Os atentados de 11 de setembro, podem até não terem sido ocasionados pelo governo americano (apesar de muita gente importante achar que foram), porém, inegável que ele se aproveitou deles pra fazer o que bem quisesse, inclusive bombardear o Iraque, alegando que eles tinham armas de destruição em massa, coisa que como o planeta todo sabia, era mentira.

Após os atentados das torres gêmeas, era impossível andar numa cidade americana com um turbante islâmico na cabeça, sem ser agredido ou ofendido.

Houve uma clara distorção que confundiu as pessoas. Os muçulmanos passaram a ser confundidos com terroristas e o governo americano foi 100% responsável por esse engano.

Clamo para que o cérebro da maioria funcione. Hoje em dia é bem mais fácil rastrear a informação de quem ganha e quem perde com uma ação como essas.
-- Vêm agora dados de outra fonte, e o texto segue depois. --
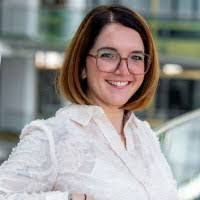 Alisha Klein's Instagram, Twitter & Facebook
Ou seja, antes de ficar vestindo camisas de eu sou isso, eu sou aquilo, vale a pena dar uma rápida googleada pra se informar melhor.

Está na hora de sermos bem menos, massa de manobra, como temos sido até agora.

Condenar os atentados é uma coisa, que eu também condeno. Me incluir nesse grupo do "somos Charlies" é outra bem diferente. Apoiar eventos contra muçulmanos, então, tô fora. Mesmo que você seja ateu, não tem o direito de espinafrar e humilhar quem não é.

Eu sou cristão e condeno muito minha própria religião pelos crimes que cometeu ao longo da história, e pelo amontoado de besteiras que são faladas em cada missa dominical, mas se tem uma coisa que Cristo em pessoa, dizia (nas palavras e parábolas dele) era, respeite a todos, independente de quem são e qual fé professem. 

Mas hoje parece que o povo tem medo de não pertencer a um grupo, qualquer que seja, ele. Por isso vão se metendo em apoios insanos como esse. Não sou Charlie, e nem quero ser. Não preciso.